Companies around the world join the boycott of settlement products, while the Israeli right promotes a controversial law designed to punish Israelis who support the boycott.
Foreign and Palestinian activists hold Palestinian flags as they march through a supermarket in the West Bank Jewish settlement of Modiin Illit October 24, 2012. Some 50 activists marched through the supermarket and tried to block a road in the settlement on Wednesday during a protest against Jewish settlements and in a call to boycott settlement products. REUTERS/Ammar Awad (WEST BANK - Tags: POLITICS CIVIL UNREST FOOD TPX IMAGES OF THE DAY) - RTR39IM8

The halls of the Israeli Supreme Court were a beehive of activity on Feb. 16. The many journalists, representing Israeli and foreign media, made their way to the hall where a special panel of nine justices debated petitions against the Boycott Law, which was passed by the previous Knesset in July 2011. The law enables the imposition of a fine on an organization or an individual who calls for the implementation of a cultural, academic or economic boycott on an individual or body due to its connection to Israel or an area "under Israeli control," meaning settlements in the occupied territories.

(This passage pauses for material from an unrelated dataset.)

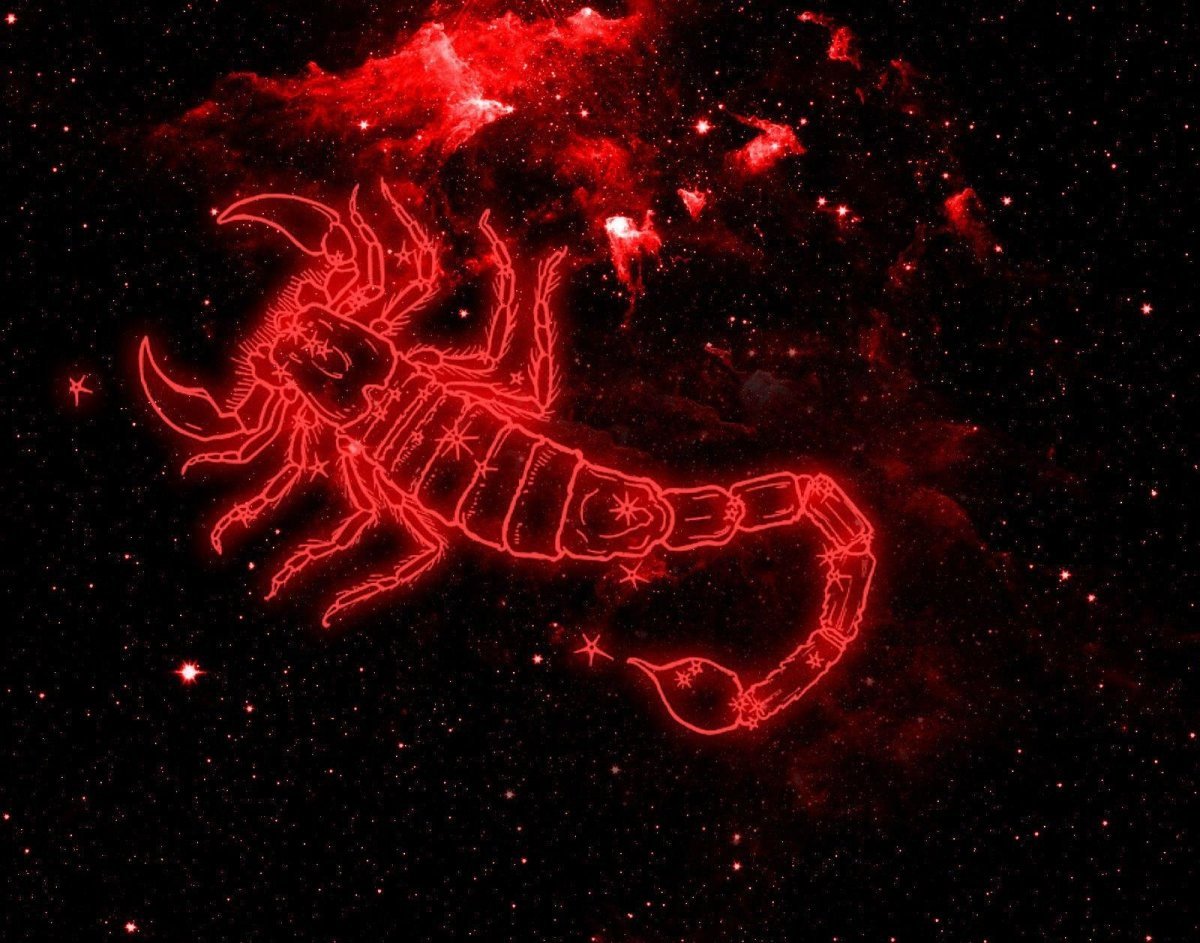 Скорпион вектор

The petitioners — human rights groups and several individuals — declared war against the law, claiming that boycotts are a legitimate protest tool in a democratic society.

The petitioners noted that the sanctions included in the law (monetary compensation for victims without proof of damage, as well as limitations on participation in government tenders and funding from its institutions) deter peace activists from engaging in political activity. The state’s representatives admitted that the law harms freedom of expression, but claimed that calling for boycotts is not part of the “core of freedom of expression” and cannot be considered legitimate political discourse.

On the front bench, sitting side by side, were Knesset member Ahmad Tibi, Uri Avnery, the founder of the Gush Shalom organization that promotes boycotts of settlement products and Deputy Foreign Minister Ze’ev Elkin, one of the bill's authors.

Unlike the previous court session, which was held without fanfare about 18 months ago, this time the exchanges in the court were covered prominently by the local media, and not for naught. The term “boycott,” with which Israel has been familiar for many years — in 1945 the Arab League declared a boycott against the emerging Jewish state — resonates from every corner of the world: from the Palestinian Authority, which calls for the boycott of settlement products, all the way to Australia, where the energy giant Shell sold its holdings (some 23%, worth more than $7 billion) in Woodside, the second-largest oil company on the continent.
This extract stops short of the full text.